# Activity:
A word-for-word copy of the data, with no images, is the required answer.

# Recorded information:
────────────────────────────────────────

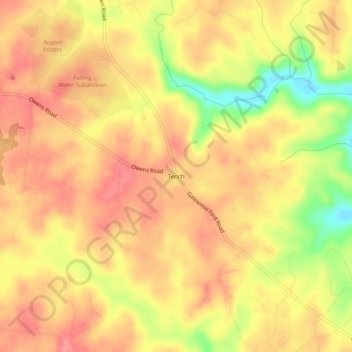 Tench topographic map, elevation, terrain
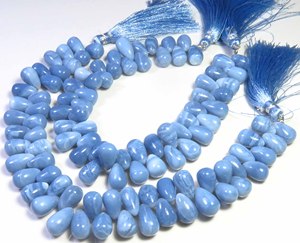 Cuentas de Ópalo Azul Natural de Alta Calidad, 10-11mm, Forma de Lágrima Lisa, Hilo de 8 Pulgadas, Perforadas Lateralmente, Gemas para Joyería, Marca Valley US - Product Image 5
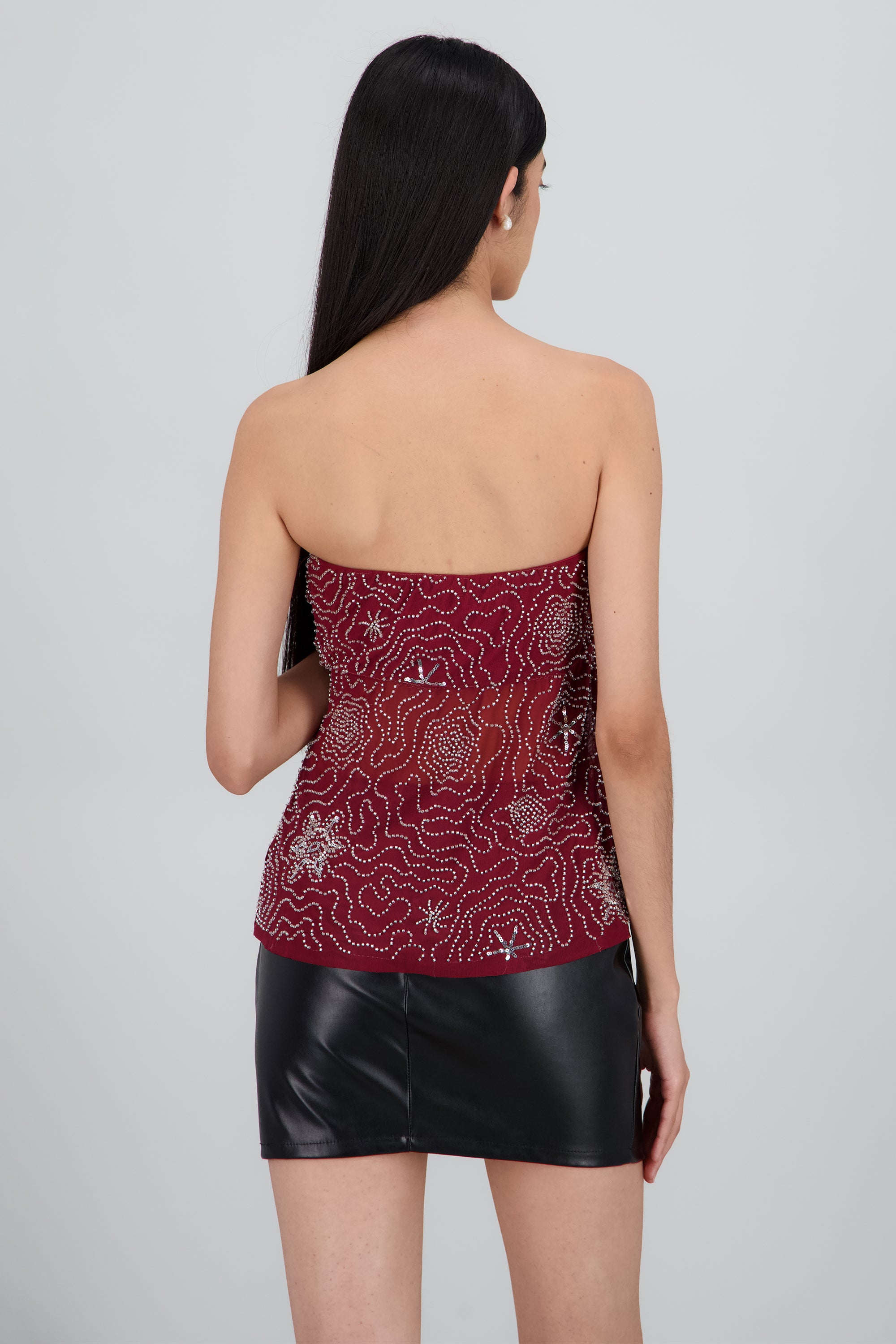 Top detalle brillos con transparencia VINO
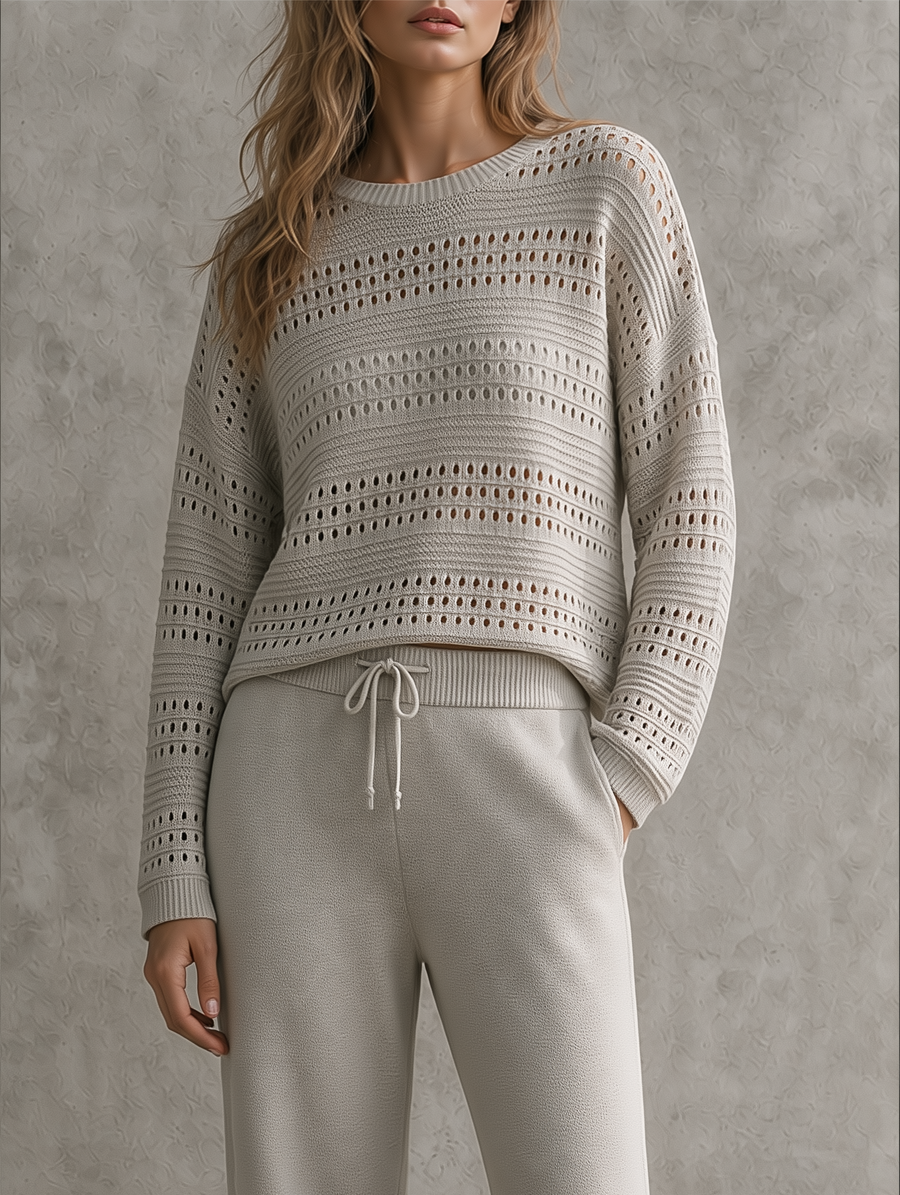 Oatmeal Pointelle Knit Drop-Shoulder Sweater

────────────────────────────────────────

# Solution below:
 Tench topographic map, elevation, terrain
 Cuentas de Ópalo Azul Natural de Alta Calidad, 10-11mm, Forma de Lágrima Lisa, Hilo de 8 Pulgadas, Perforadas Lateralmente, Gemas para Joyería, Marca Valley US - Product Image 5
 Top detalle brillos con transparencia VINO
 Oatmeal Pointelle Knit Drop-Shoulder Sweater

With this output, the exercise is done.